What the task requires ▸ An exact copy of all the lines below is required, with every image left out.

Data segment ▸
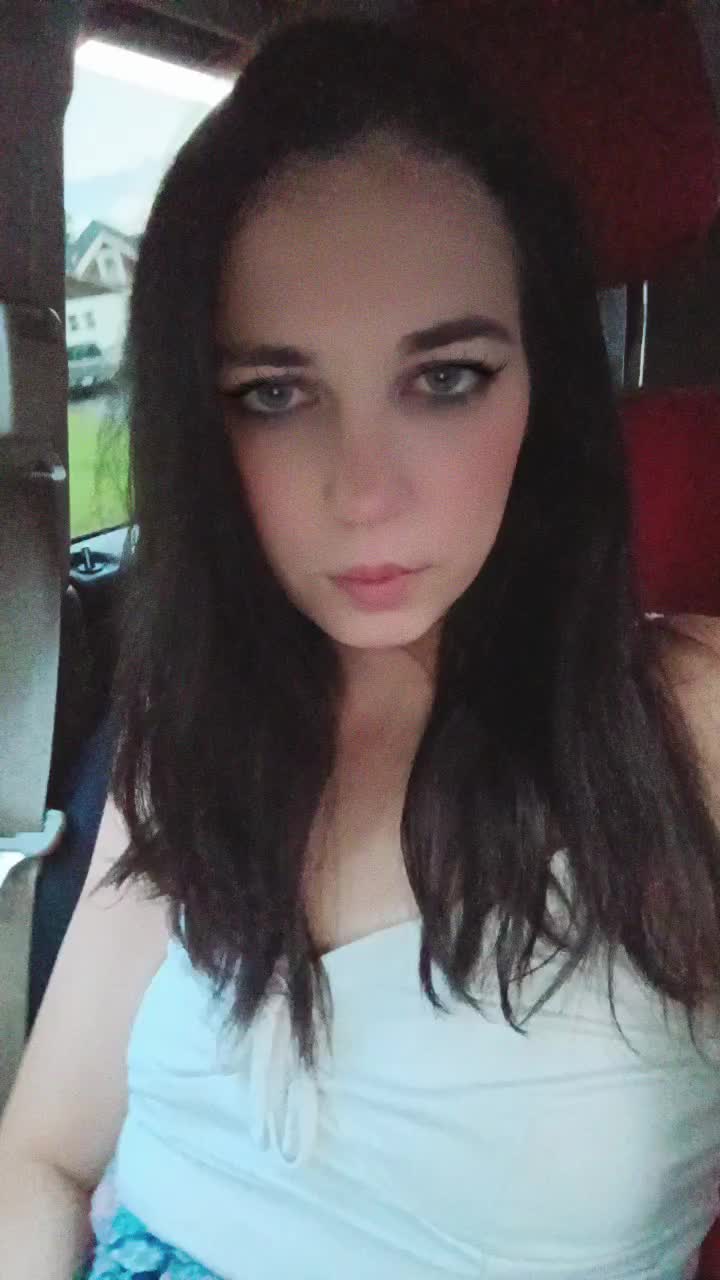 @Hope Jordan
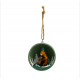 Disney Brother Bear Ornament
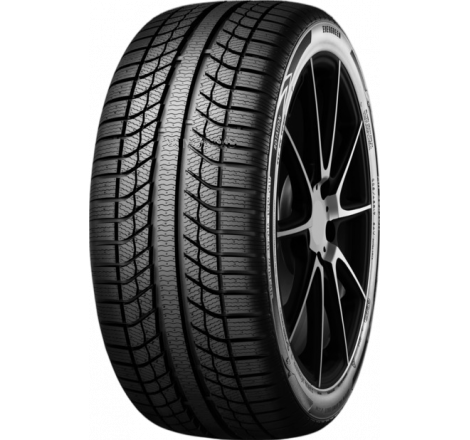 EVERGREEN EA719 195/55R16...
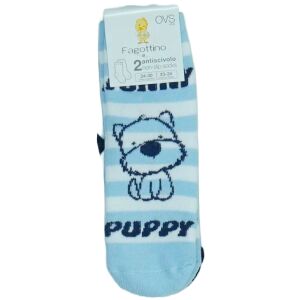 OVS - Fagottino Момче Rainpants (Mărime: 92) 126139384 - Детски чорапи, чорапи за коляно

Answer space ▸
 @Hope Jordan
 Disney Brother Bear Ornament
 EVERGREEN EA719 195/55R16...
 OVS - Fagottino Момче Rainpants (Mărime: 92) 126139384 - Детски чорапи, чорапи за коляно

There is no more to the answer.